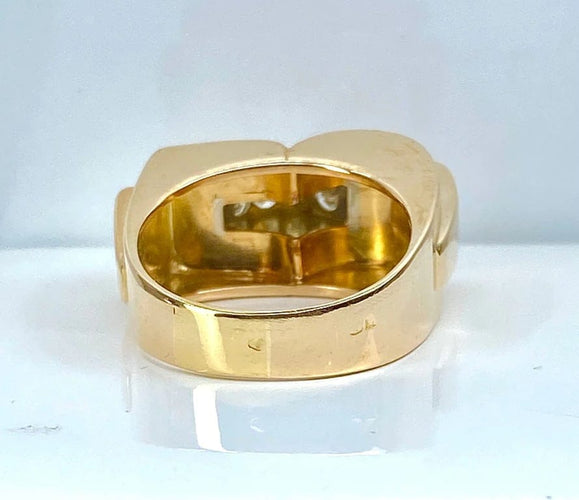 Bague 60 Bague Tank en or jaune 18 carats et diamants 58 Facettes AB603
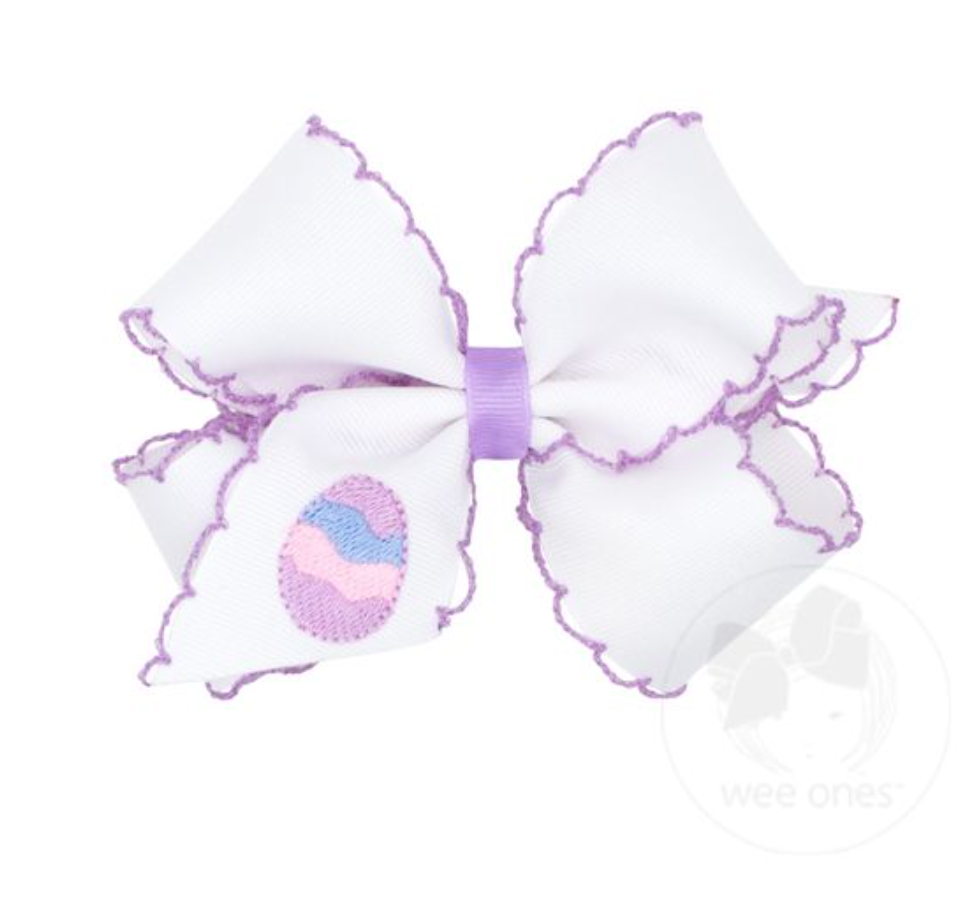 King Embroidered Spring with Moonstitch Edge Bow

##############################

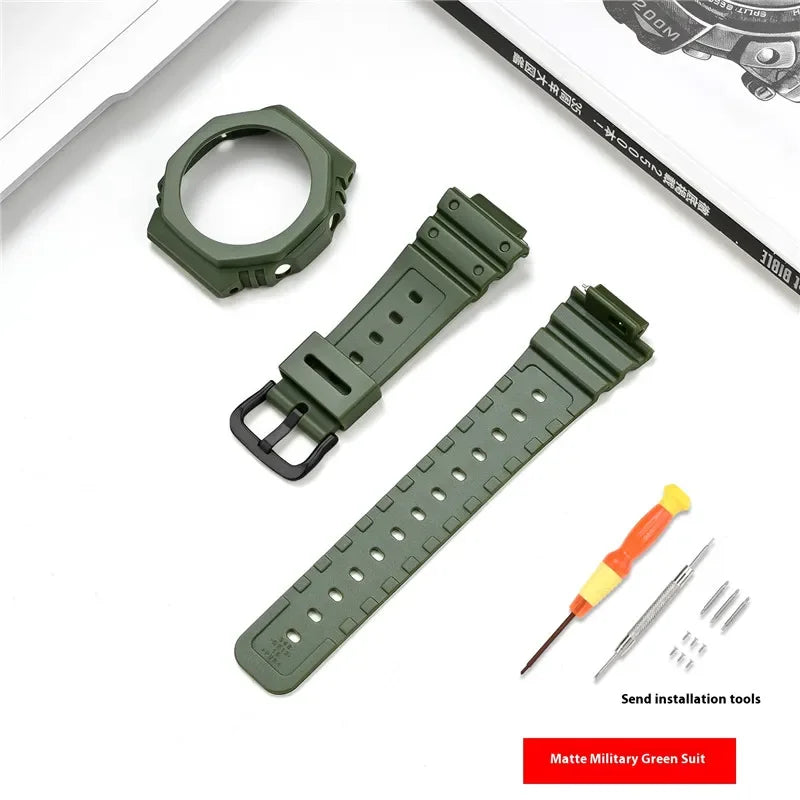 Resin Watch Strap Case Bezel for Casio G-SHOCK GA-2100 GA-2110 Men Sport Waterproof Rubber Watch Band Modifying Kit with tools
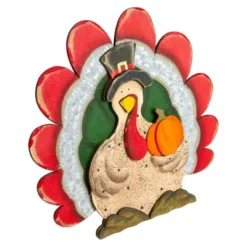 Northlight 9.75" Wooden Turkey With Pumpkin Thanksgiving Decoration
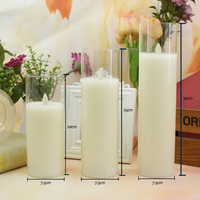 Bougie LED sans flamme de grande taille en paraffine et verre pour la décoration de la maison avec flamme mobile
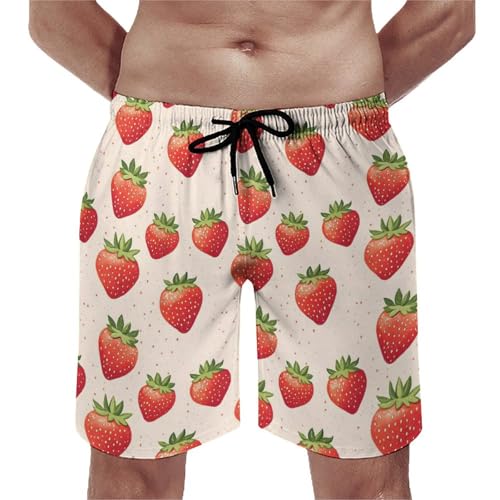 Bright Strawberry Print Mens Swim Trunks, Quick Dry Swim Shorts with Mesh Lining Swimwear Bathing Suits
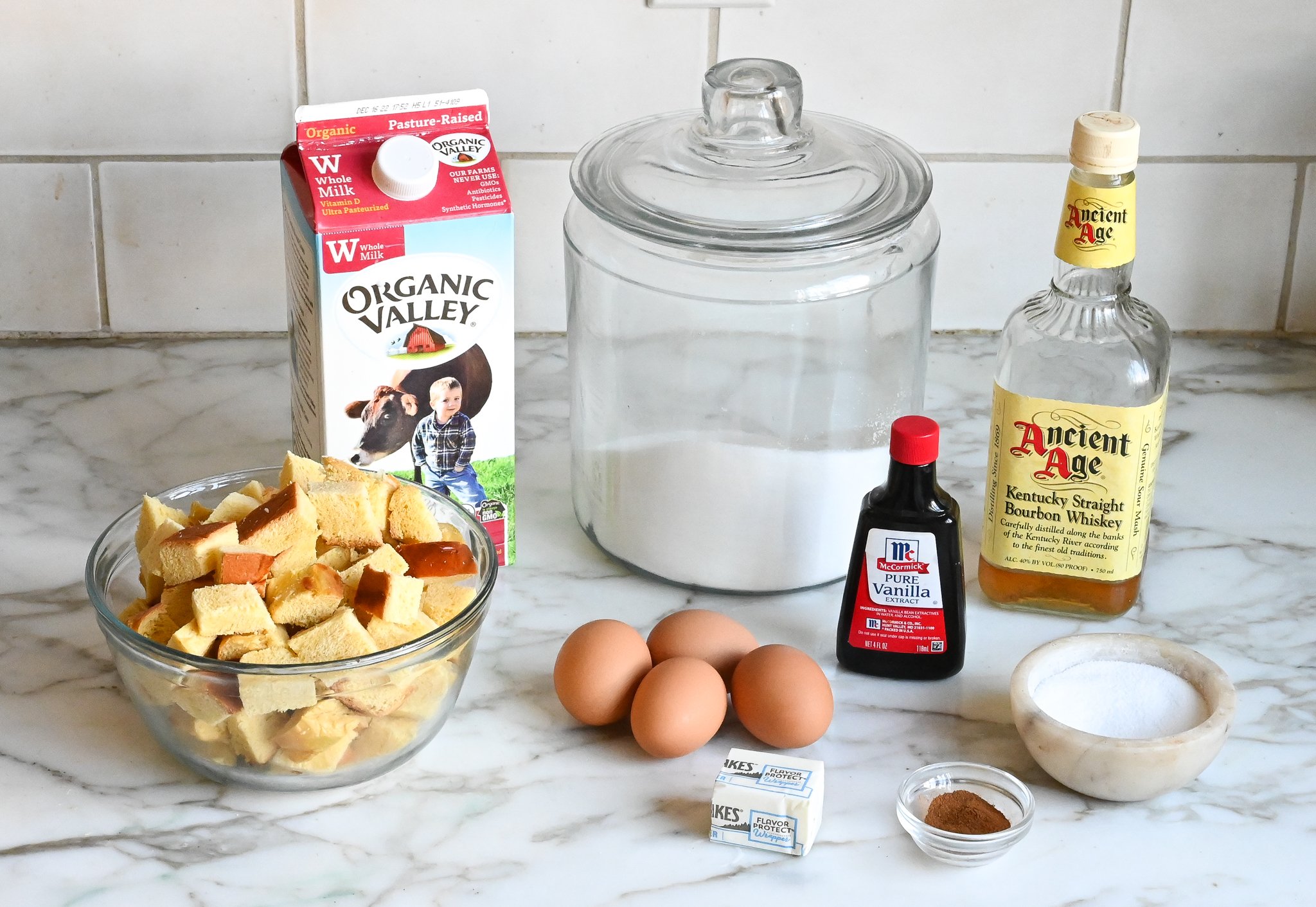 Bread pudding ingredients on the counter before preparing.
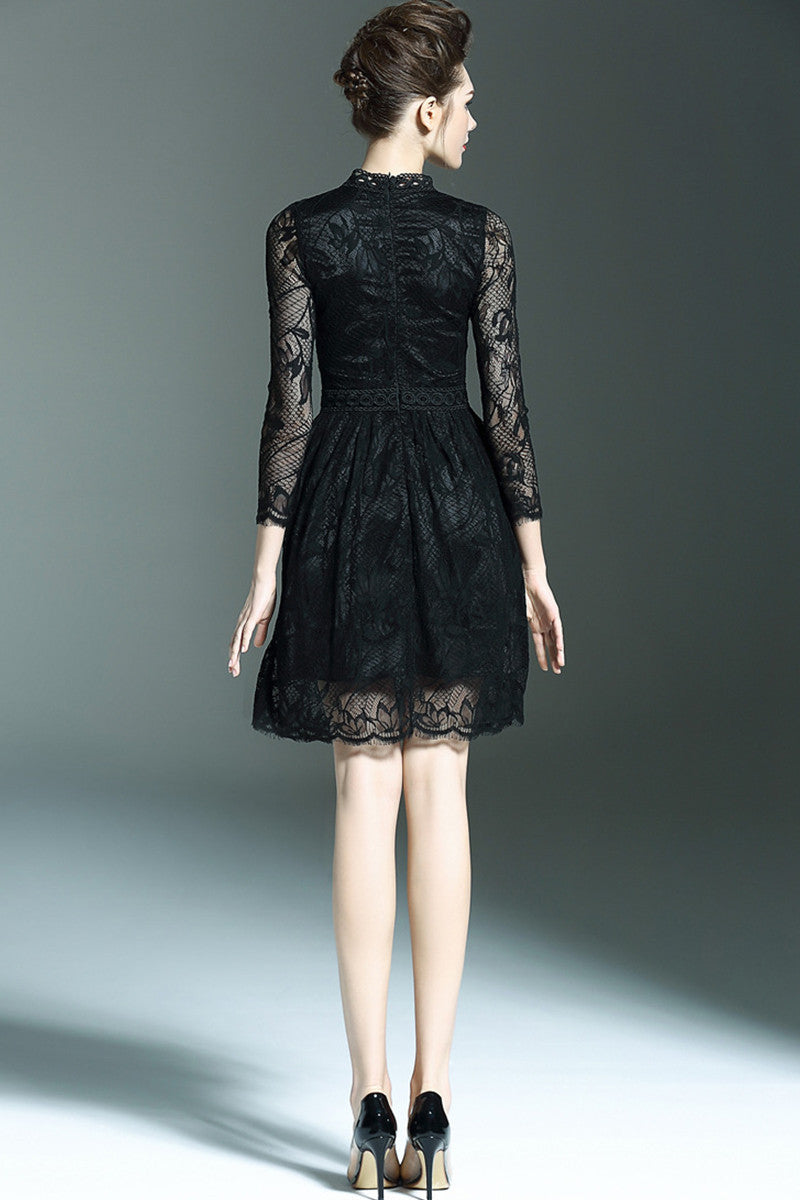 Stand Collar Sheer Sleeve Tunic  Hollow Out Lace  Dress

##############################

## Task requirements
Give back the exact lines above, running from the one that has "Bague 60 Bague" through the one that has "King Embroidered Spring", with nothing added and no pictures.

## Result of the task
 Bague 60 Bague Tank en or jaune 18 carats et diamants 58 Facettes AB603
 King Embroidered Spring with Moonstitch Edge Bow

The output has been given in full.